Secondary trauma

From Wikipedia, the free encyclopedia
Jump to navigation Jump to search

Secondary trauma can be incurred when an individual is exposed to people who have been traumatized themselves, disturbing descriptions of traumatic events by a survivor, or others inflicting cruelty on one another.[1] Symptoms of secondary trauma are similar to those of PTSD (e.g. intrusive re-experiencing of the traumatic material, avoidance of trauma triggers/emotions, negative changes in beliefs and feelings and hyperarousal).[1][2] Secondary trauma has been researched in first responders,[3] nurses and physicians,[4] mental health care workers,[2] and children of traumatized parents.[5]

Affected populations[edit]

Mental health care workers/social workers[edit]

Secondary Traumatic Stress (STS) impacts many individuals in the mental health field and as of 2013 the prevalence rates for STS amongst different professions is as follows: 15.2% among social workers, 16.3% in oncology staff, 19% in substance abuse counselors, 32.8% in emergency nurses, 34% in child protective services workers, and 39% in juvenile justice education workers [2] There is a strong correlation between burnout and secondary traumatic stress among mental health care professionals who are indirectly exposed to trauma and there are a multitude of different risk factors that contribute to the likelihood of developing secondary traumatic stress amongst individuals who conduct therapy with trauma victims.[1] Workers who have had a history of trauma are more likely to develop STS. Additionally, individuals who have less work support as well as less social support are at higher risk for developing STS. Lastly, as the number of patients seen by these workers increases, so do the chances of developing STS. Some of the protective factors for mental health care workers include years of experience in the profession, more time spent in self-care activities and high self-efficacy.[6]

Another social work-related profession that is impacted by secondary trauma is librarianship. Public librarians work closely with vulnerable, at-risk populations, and often experience emotional and psychological strain while doing so. [7]

First responders[edit]

Studies explain how secondary traumatic stress can negatively impact job performance in first responders which can lead to adverse outcomes not only for the first responders, but for the victims they seek to help. Job context is a greater risk factor for developing STS in first responders compared to the job content. This highlights the need for strategies targeted toward the organizational and systemic level in addition to the individual level. Organizational changes that can be addressed include work culture, workload, group support, supervision and education, and the modification of the work environment. Changes in these areas would foster resiliency for developing STS.[3]

Nurses and physicians[edit]

Similarly, research highlights the importance of psychological services for nurses and medical professionals. Services similar to the ones listed above for the first responder population were valuable for reducing secondary traumatic stress symptoms amongst medical staff working with traumatic populations in hospital settings.[4]

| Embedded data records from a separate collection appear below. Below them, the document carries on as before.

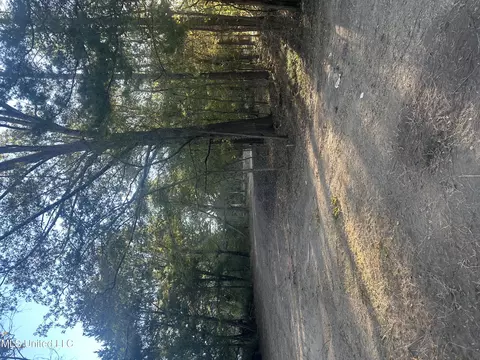 157 Three Prong Rd, Brandon, MS 39047
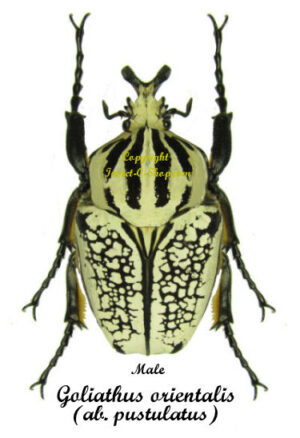 Goliathus orientalis ssp. orientalis ab. pustulatus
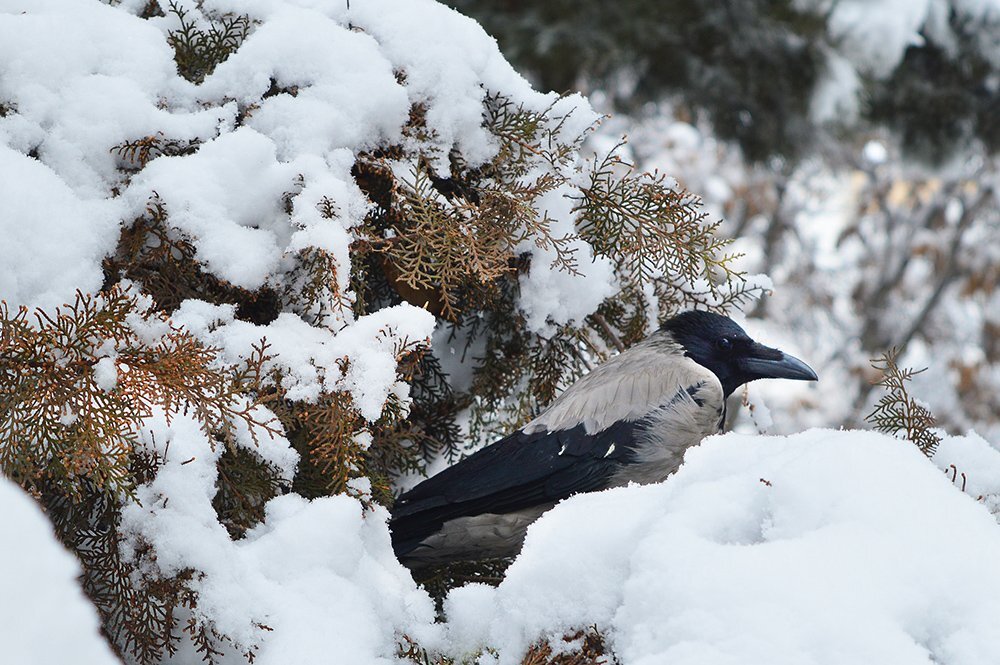 Crow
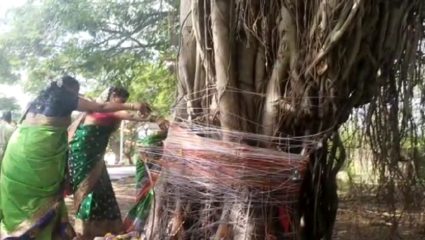 मुंबईमध्ये वटसावित्री पौर्णिमा उत्साहात साजरी!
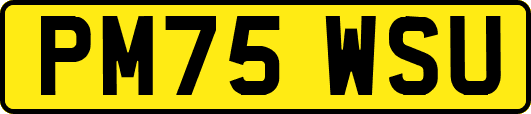 PM75WSU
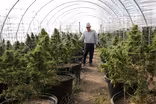 California will vote on legalizing recreational marijuana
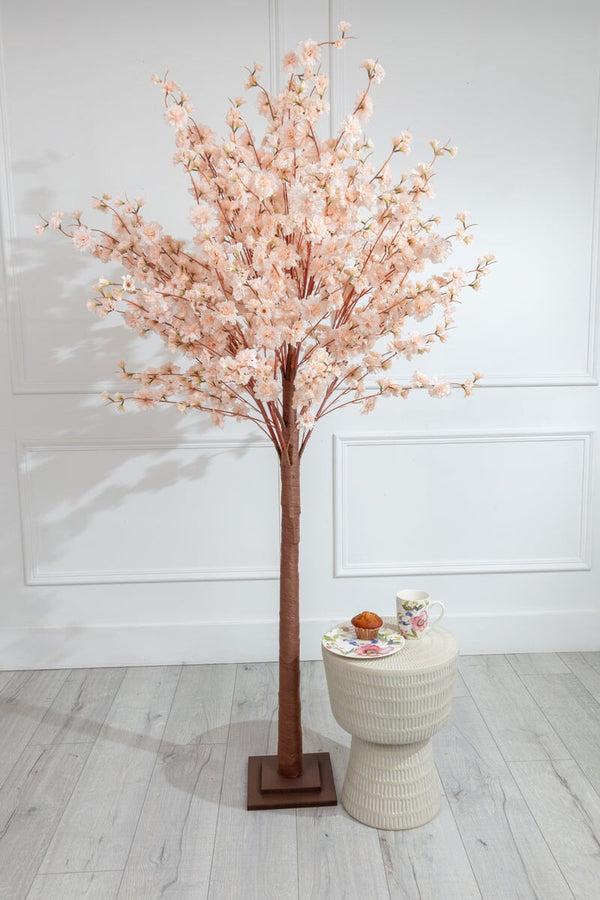 Carraig Donn Cherry Blossom Tree 180cm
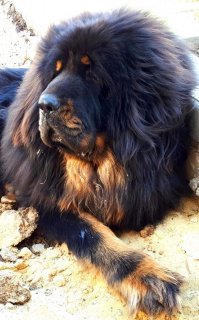 Наш тибетский мастиф Барни... Ему даже делать ничего не надо. Просто выйти к калитке)))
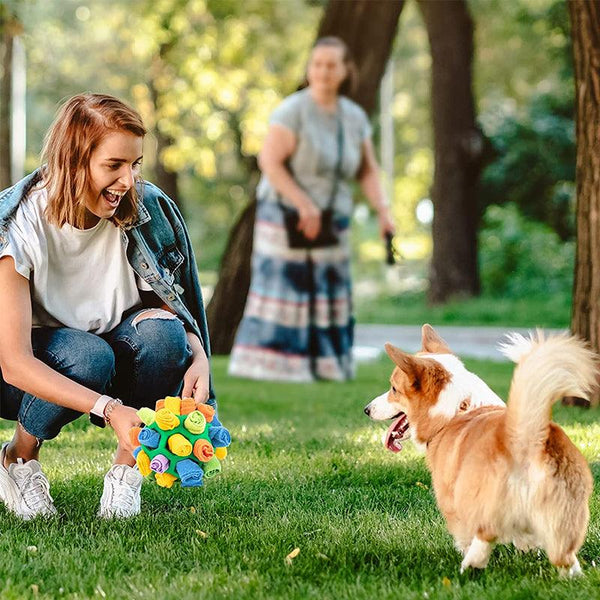 Interaktives Hundespielzeug - SnuffleFun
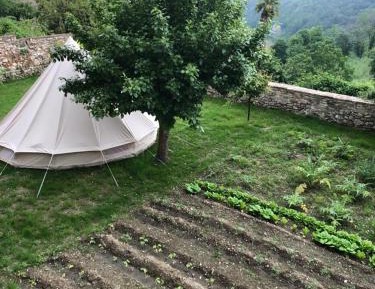Tent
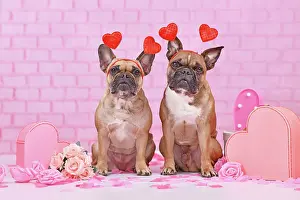 Romantic: Valentine's day dogs. Pair of French Bulldogs with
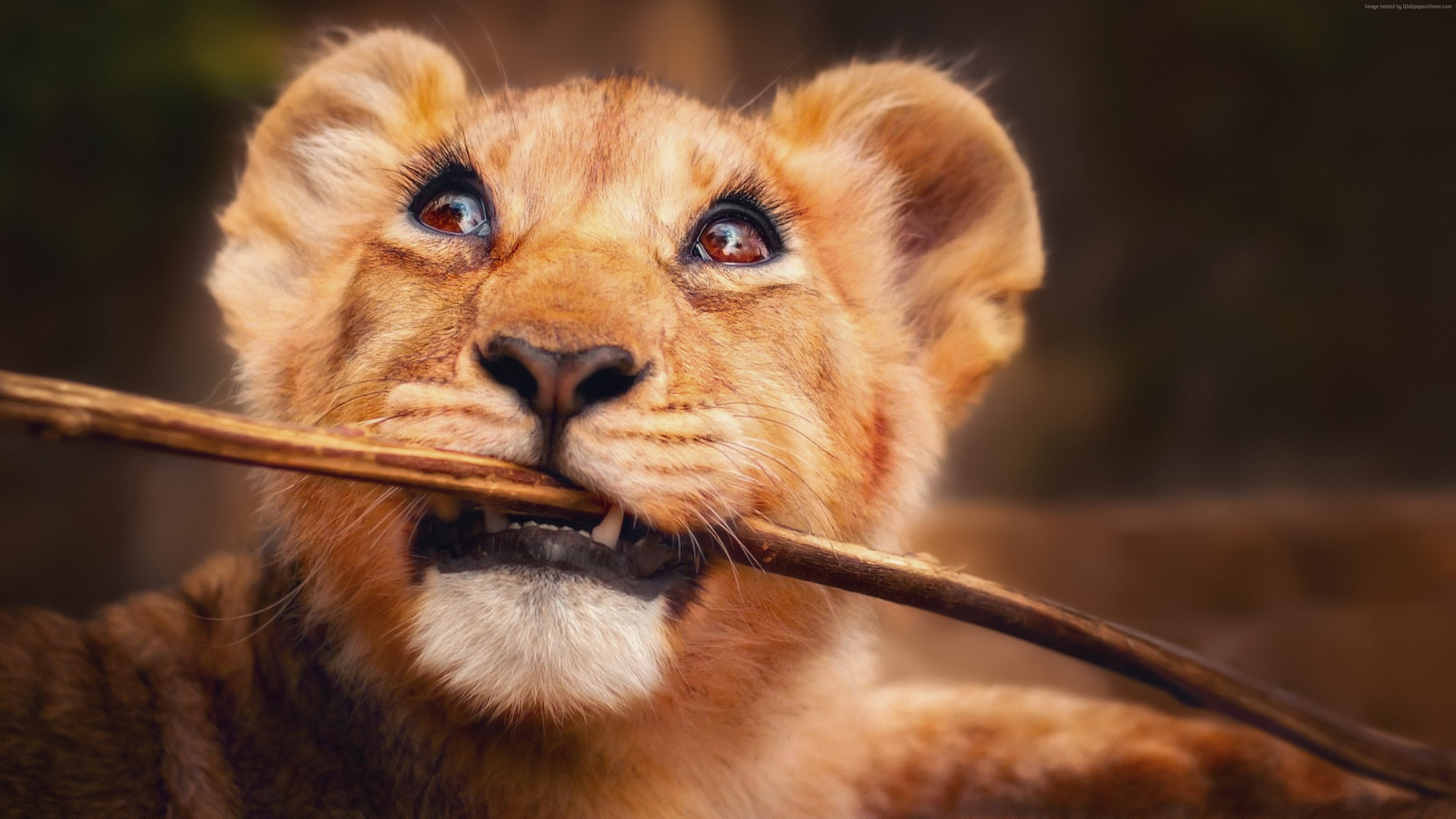 Lion Cub Ultra Hd - HD Wallpaper 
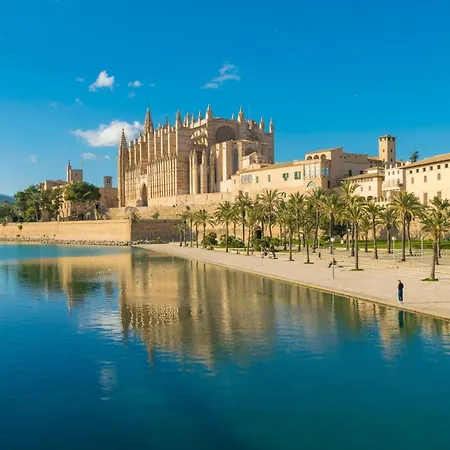 Evamas Palma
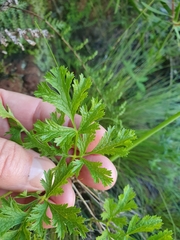 Glia prolifera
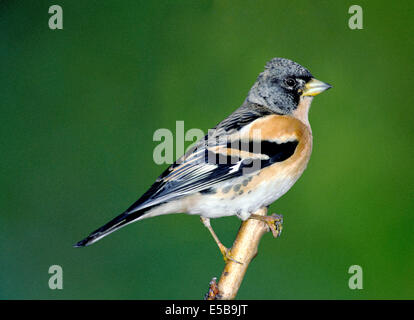 Brambling Fringilla montifringilla Stock Photo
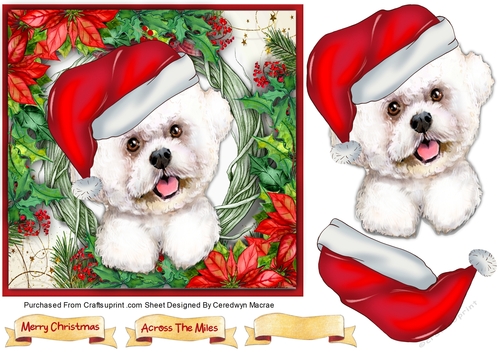 Gorgeous White Santa Dog 1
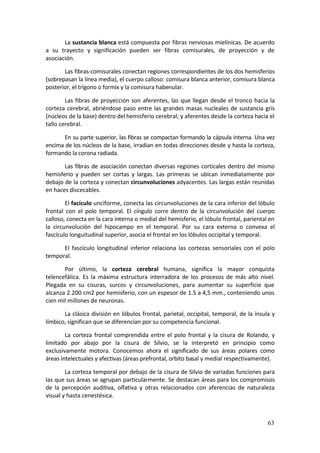 La sustancia blanca está compuesta por fibras nerviosas mielínicas. De acuerdo 
a  su  trayecto  y  significación  pueden  ser  fibras  comisurales,  de  proyección  y  de 
asociación. 

       Las fibras‐comisurales conectan regiones correspondientes de los dos hemisferios 
(sobrepasan la línea media), el cuerpo calloso: comisura blanca anterior, comisura blanca 
posterior, el trígono o formix y la comisura habenular. 

        Las  fibras  de  proyección  son  aferentes,  las  que  llegan  desde  el  tronco  hacia  la 
corteza  cerebral,  abriéndose  paso  entre  las  grandes  masas  nucleales  de  sustancia  gris 
(núcleos de la base) dentro del hemisferio cerebral; y aferentes desde la corteza hacia el 
tallo cerebral. 

       En su parte superior, las fibras se compactan formando la cápsula interna. Una vez 
encima de los núcleos de la base, irradian en todas direcciones desde y hasta la corteza, 
formando la corona radiada. 

       Las  fibras  de  asociación conectan  diversas  regiones  corticales  dentro  del  mismo 
hemisferio  y  pueden  ser  cortas  y  largas.  Las  primeras  se  ubican  inmediatamente  por 
debajo de la corteza y conectan circunvoluciones adyacentes. Las largas están reunidas 
en haces discecables. 

         El facículo unciforme, conecta las circunvoluciones de la cara inferior del lóbulo 
frontal  con  el  polo  temporal.  El  cíngulo  corre  dentro  de  la  circunvolución  del  cuerpo 
calloso, conecta en la cara interna o medial del hemisferio, el lóbulo frontal, pariental en 
la  circunvolución  del  hipocampo  en  el  temporal.  Por  su  cara  externa  o  convexa  el 
fascículo longuitudinal superior, asocia el frontal en los lóbulos occipital y temporal. 

      El  fascículo  longitudinal  inferior  relaciona  las  cortezas  sensoriales  con  el  polo 
temporal. 

       Por  último,  la  corteza  cerebral  humana,  significa  la  mayor  conquista 
telencefálica.  Es  la  máxima  estructura  interradora  de  los  procesos  de  más  alto  nivel. 
Plegada  en  su  cisuras,  surcos  y  circunvoluciones,  para  aumentar  su  superficie  que 
alcanza 2.200 cm2 por hemisferio, con un espesor de 1.5 a 4,5 mm., conteniendo unos 
cien mil millones de neuronas. 

       La clásica división en lóbulos frontal, parietal, occipital, temporal, de la ínsula y 
límbico, significan que se diferencian por su competencia funcional. 

        La  corteza  frontal  comprendida  entre  el  polo  frontal  y  la  cisura  de  Rolando,  y 
limitado  por  abajo  por  la  cisura  de  Silvio,  se  la  interpretó  en  principio  como 
exclusivamente  motora.  Conocemos  ahora  el  significado  de  sus  áreas  polares  como 
áreas intelectuales y afectivas (áreas prefrontal, orbito basal y medial respectivamente). 

         La corteza temporal por debajo de la cisura de Silvio de variadas funciones para 
las que sus áreas se agrupan particularmente. Se destacan áreas para los compromisos 
de  la  percepción  auditiva,  olfativa  y  otras  relacionados  con  aferencias  de  naturaleza 
visual y hasta cenestésica. 



                                                                                                 63
 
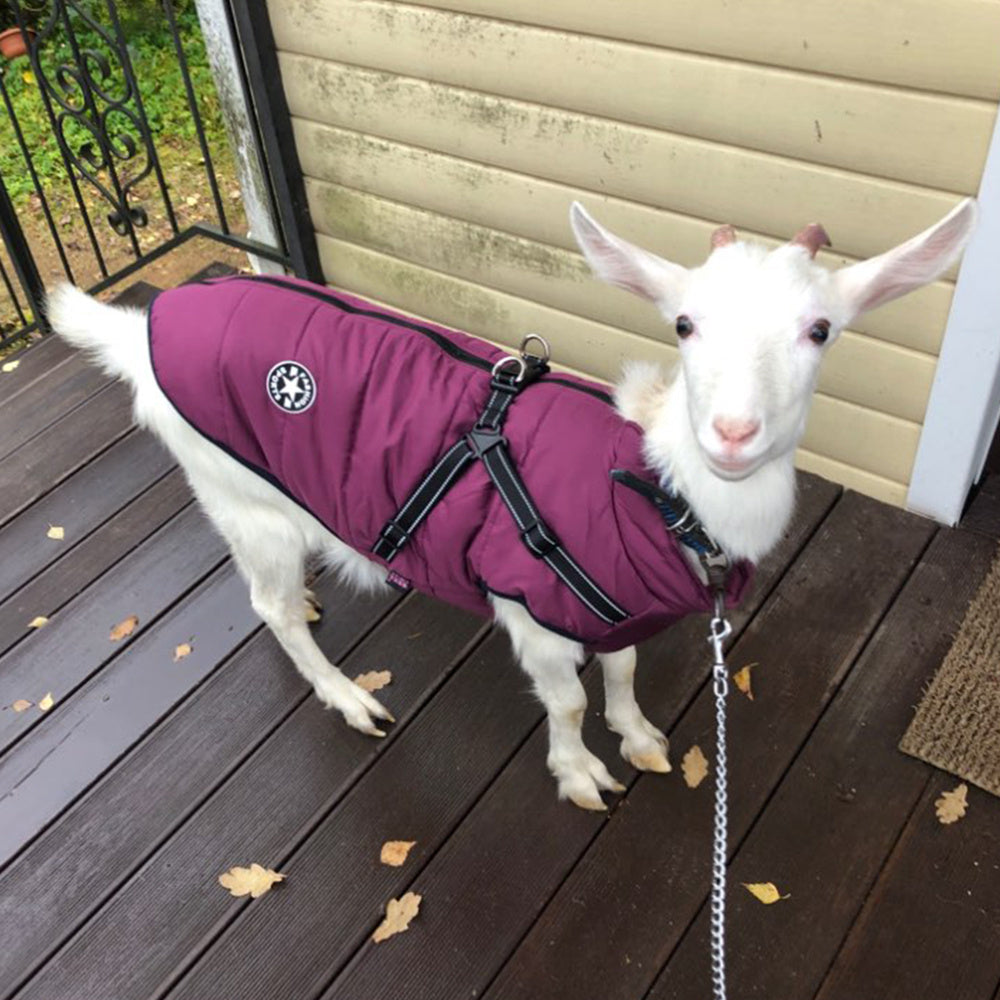Goat wearing a purple jacket on a wooden deck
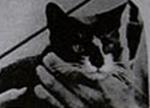 イギリス海軍スループ艦アメジストの船猫として活躍したサイモン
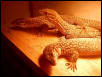 ackie trio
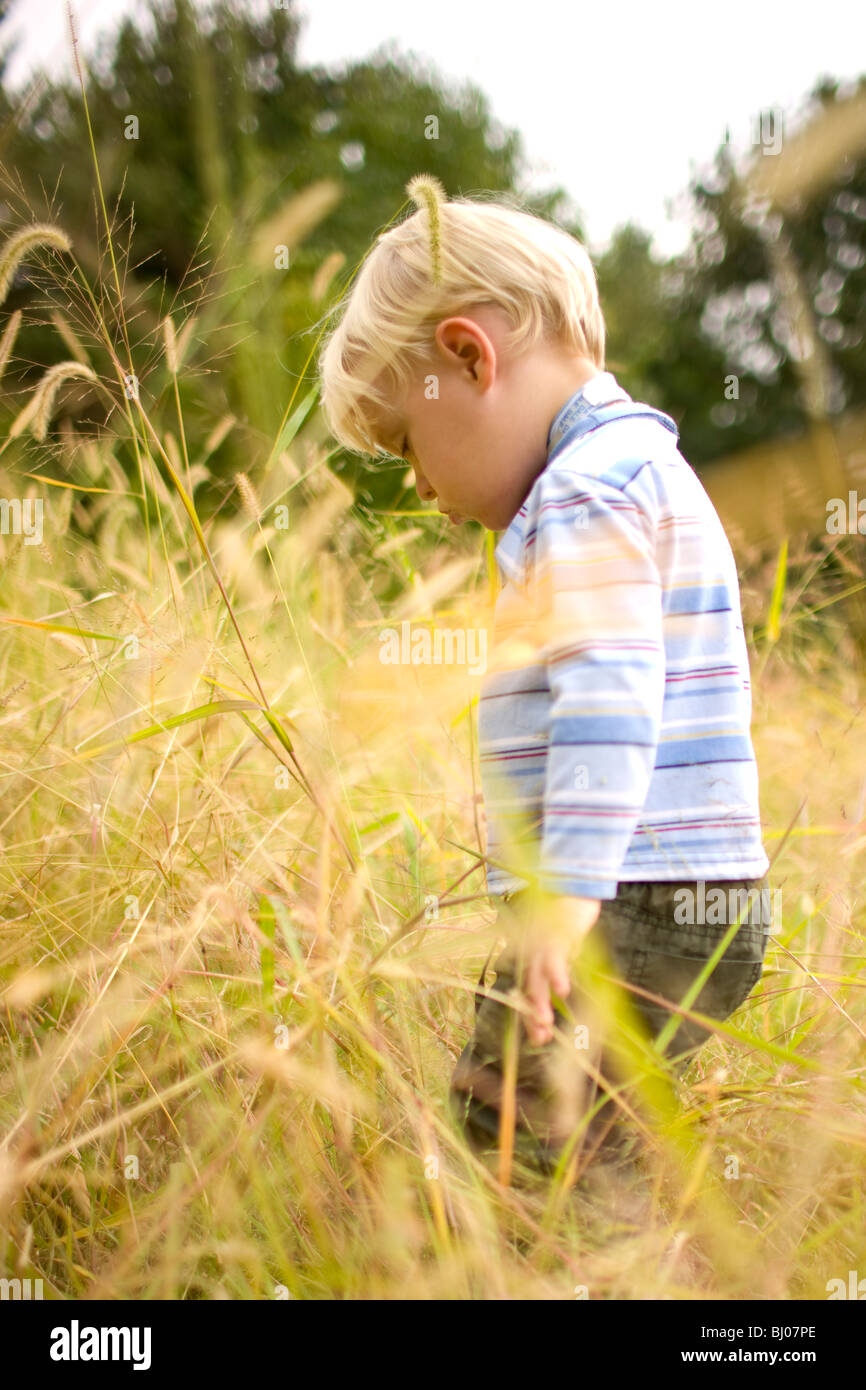 Kleiner Junge spielt auf einer Wiese. Stockfoto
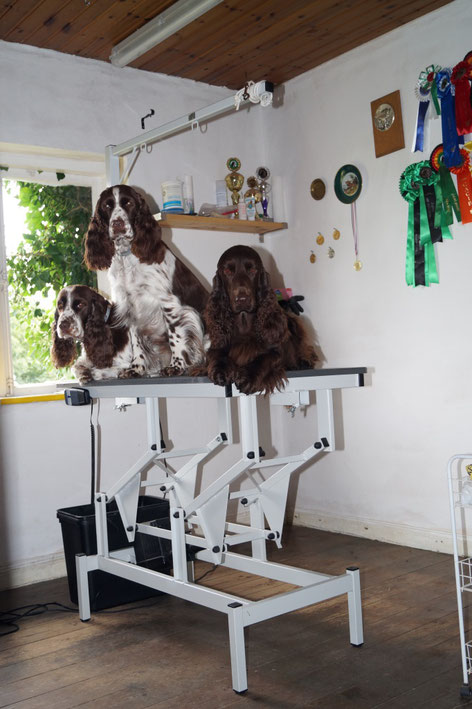 New grooming table..., Photo: Ulf F. Baumann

Children of traumatized parents[edit]

Van Ijzendoorn et al. (2003) conducted a meta-analysis of 32 studies with 4,418 participants in which they explored secondary trauma in children of Holocaust survivors. The authors found that in non-clinical studies no evidence of secondary traumatization, while clinical studies only showed evidence for secondary traumatization when additional stressors were also present.[8][5] Intergenerational trauma or transgenerational trauma is also applied to describe the process by which parental traumatic experiences may lead to secondary trauma symptoms in their offspring, when additional stressors, such as war, famine, or displacement are present.[9] Refugee children who are exposed to these additional stressors display heightened anxiety levels, and have an increased likelihood of experiencing traumatic life events, compared with non-refugee children in the United States.[10]

Sex differences[edit]

There are also gender differences in the prevalence and vulnerability of secondary trauma. Research suggests that women are more likely than men to develop secondary traumatization. Additionally, not only are women more susceptible to experience the symptoms of STS, but they experience symptoms of STS at a greater intensity compared to men. It is theorized that this discrepancy may be due to women being more empathetic, more reactive to other people's emotions and are more likely to have caretaker burden. The greater the connection is with another individual while hearing their traumatic experience, the greater the likelihood of developing STS. Lastly, STS symptoms are consistent with what previous research has shown to be true regarding gender differences in PTSD symptomology.[11]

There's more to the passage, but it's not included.